The book’s central claim is that anonymous, behavioral data—especially Google searches, but also clicks, views, logs, photos, and other digital exhaust—can expose hidden truths that traditional social science misses.
Stephens-Davidowitz argues that Big Data is most valuable not just because it is large, but because it is honest, granular, and experimentally useful when older methods are distorted by self-censorship and social desirability bias.

Surveys routinely overstate socially approved behavior like voting, giving, churchgoing, or sex, because people want to look better, protect privacy, or deceive even themselves.
Search data works as a digital truth serum because it is anonymous, solitary, and cheap to use without social penalty.
The author repeatedly contrasts what people say with what they search, click, and view: search logs expose depression, infidelity fears, homosexuality, racist curiosity, sexual insecurity, regret about children, and other taboo topics.
One recurring proof is external reality checks: for example, condom sales and other real-world measures show that reported sexual frequency and condom use are implausibly inflated in surveys.
Google search patterns reveal hidden social truths at scale, such as strong explicit racism, often in places and combinations that conventional wisdom would not predict.
His Obama-racism work suggested that explicit racism cost Obama measurable support; the finding was initially rejected as too surprising, but later aligned with Trump-support patterns in similar areas.
The book also shows that Big Data can uncover hidden suffering and unmet needs, such as child abuse during the Great Recession, abortion demand under restrictive laws, and the prevalence of closeted gay men searching for confirmation and relief.
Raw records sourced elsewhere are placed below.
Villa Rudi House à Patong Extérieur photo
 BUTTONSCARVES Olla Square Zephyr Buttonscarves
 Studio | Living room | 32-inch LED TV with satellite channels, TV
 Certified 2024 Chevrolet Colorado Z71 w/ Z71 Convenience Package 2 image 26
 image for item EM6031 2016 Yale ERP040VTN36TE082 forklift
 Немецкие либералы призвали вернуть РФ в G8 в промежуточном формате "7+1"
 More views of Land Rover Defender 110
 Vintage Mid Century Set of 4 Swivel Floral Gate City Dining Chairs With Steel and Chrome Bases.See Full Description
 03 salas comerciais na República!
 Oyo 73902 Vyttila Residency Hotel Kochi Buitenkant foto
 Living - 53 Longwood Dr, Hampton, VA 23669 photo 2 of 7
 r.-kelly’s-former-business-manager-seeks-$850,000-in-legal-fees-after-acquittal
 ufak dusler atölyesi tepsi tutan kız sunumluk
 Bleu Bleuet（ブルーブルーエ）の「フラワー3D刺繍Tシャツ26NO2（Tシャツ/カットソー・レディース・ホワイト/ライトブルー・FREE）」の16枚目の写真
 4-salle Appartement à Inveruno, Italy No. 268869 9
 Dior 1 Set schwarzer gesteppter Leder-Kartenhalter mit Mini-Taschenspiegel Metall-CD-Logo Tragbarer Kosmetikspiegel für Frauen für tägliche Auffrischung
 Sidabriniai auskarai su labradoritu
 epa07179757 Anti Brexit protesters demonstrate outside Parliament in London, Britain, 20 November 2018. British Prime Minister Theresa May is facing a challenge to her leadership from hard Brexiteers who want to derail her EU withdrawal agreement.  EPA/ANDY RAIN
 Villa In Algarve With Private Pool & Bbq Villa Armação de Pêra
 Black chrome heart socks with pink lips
Stephens-Davidowitz treats Big Data broadly: it includes new digital exhaust, digitized historical records, and inventive new ways of turning old signals into measurable evidence.
He argues there are four big powers here: new data types, honest data, zooming in, and causal experiments.
The strongest examples are not necessarily the largest datasets but the ones with a sharp signal, such as Google Flu Trends, Google Correlate, nighttime satellite lights, and image-based measures from smartphones and satellites.
He shows how nontraditional variables can predict outcomes surprisingly well: horse physiology beats pedigree in one racing system, Bordeaux weather predicts wine quality, and newspaper word choice reveals political slant.
The book’s “words as data” and “pictures as data” chapters emphasize that language, images, and even satellite lights can become quantitative evidence about politics, economics, culture, and emotion.
A major theme is that prediction often matters more than causal explanation in the short run; Jeff Seder’s horse model and Orley Ashenfelter’s wine formula worked even without full mechanistic understanding.

Big Data is not magic: the book warns about the curse of dimensionality, where many variables tested against too little data create fake discoveries.
Summers’s challenge about predicting the stock market becomes a lesson in humility: finance is already so heavily mined for edges that many apparent patterns are just luck or arbitrage.
The author warns against becoming obsessed with what is measurable, because proxies can distort behavior; the pedometer, standardized tests, and platform metrics all can be gamed.
Big Data should complement, not replace, small data and human judgment; surveys, observation, expert review, and simple checking still matter.
Corporate uses of digital traces can become creepy or unfair: lending, hiring, pricing, and casino retention can all exploit hidden proxies like wording, likes, or “pain points.”
The Prosper lending example shows how harmless phrases can become credit signals; Facebook-like data can be used to infer IQ or personality in ways that raise obvious fairness concerns.
Governments can use search data helpfully at the area level—targeting suicide prevention, hate-crime patrols, or abortion resources—but the author is skeptical of acting on individual searches alone because the privacy and error costs are too high.
A recurring distinction is between area-level prediction, which can guide public health or safety responses, and individual-level intervention, which is usually not yet justified by the data.

The internet is not just a place where people perform; it is a massive archive of confession, impulse, and behavior.
The book’s most distinctive lesson is that anonymous actions are often truer than declared beliefs, and that social science improves when it studies behavior at scale.
Big Data’s promise is real, but its best use is selective: it shines when old data are dishonest or weak, and it fails when researchers confuse statistical pattern with meaning or morality.
The ending’s broader point is that a better science of human behavior will come from many specific, testable findings—not grand theory alone—and from following what people actually do rather than what they say.